The new Common Core has a much-greater focus on non-fiction, informational texts in the English/Language Arts classroom. It’s time to start adding more real-world articles and materials to our literary canon. In this easy-to-deliver non-fiction activity, students will read an interview-based article by Allegra Ringo (link included) and complete a series of deep-thinking questions. Afterward, students will definitely have personal opinions to share about this “Let’s Get Real” classroom activity.
When your principal asks what you’ve done to align your classroom with the Common Core, just point to this non-fiction, expository-based work as an example. This 45-minute lesson will give students a high-quality article to analyze as they make connections between the work and their own lives.

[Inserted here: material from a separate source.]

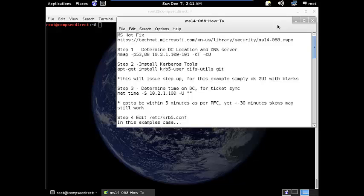Hello, this is Jafer from CompSecDirect. I want to show you how to leverage the new Kerberos exploit against Windows Domain Controllers called MS14-068. This vulnerability allows a user with domain credentials to forge a Kerberos ticket and receive domain admin privileges via the forged ticket.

In this article, Ringo profiles Dr. Margee Kerr, a sociologist who specializes in studying why some people enjoy being scared more than others. The text-based questions will engage your students as they dig back into the article and use their critical analysis skills to find the answers.
Begin with a reading of the article (either aloud or solo), have individuals write their answers to the multi-layered depth-of-knowledge questions (either in teams of two or solo), and then launch a class discussion. Finally, this activity includes a link to a six-minute BONUS VIDEO that will reinforce the article’s information while also providing some creepy fun for students.

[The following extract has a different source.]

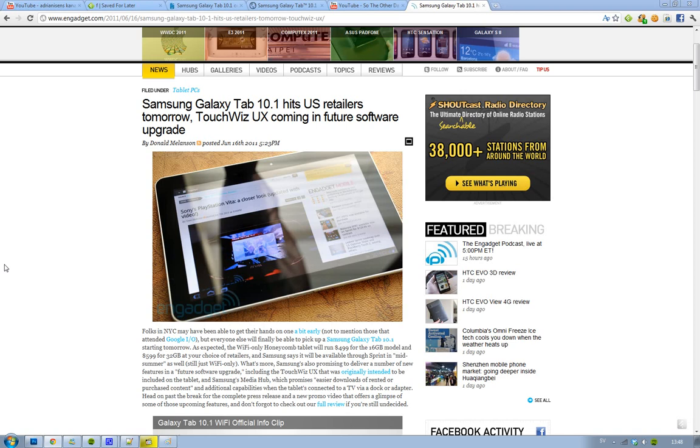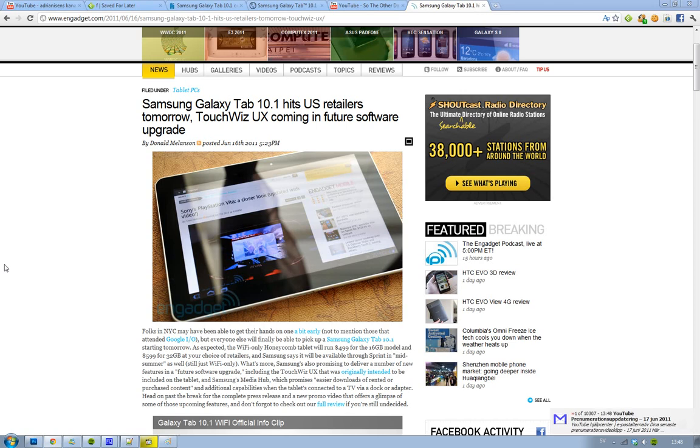The price right now, there's only the Wi-Fi only version, but there's going to come a Sprint version in the summer and it's also going to be a 4G device. It's $499 for the 16GB version, same as with the iPad, and then $599 for the 32GB version.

This package includes an option for 9th and 10th graders and separate questions for 11th and 12th graders. The article is the same for both groups, but the reflection questions are different, so that various levels of students will find the activity stimulating and challenging. Advanced middle school students should be able to successfully work with the “Level 1” questions, too.

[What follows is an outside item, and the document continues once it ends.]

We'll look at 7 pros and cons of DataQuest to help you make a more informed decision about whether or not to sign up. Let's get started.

Both sets of questions come with detailed answer keys, of course. You might also want to use the two separate question sheets for differentiated questions within one class.
It usually takes my students 45 minutes to work through the article, give thorough answers to the questions, and view the video. If you need to extend the lesson, you also could launch a discussion of the issues raised in the article. Your students will have plenty of reactions to Ringo’s article that they’ll want to share.
These full-class, stand-alone materials also work great as a supplement lesson for any study of works by Edgar Allan Poe/Dark Romantic writers and/or as emergency plans for substitute teachers. The material is easy to deliver and the kids will need to work hard for the whole period to finish on time.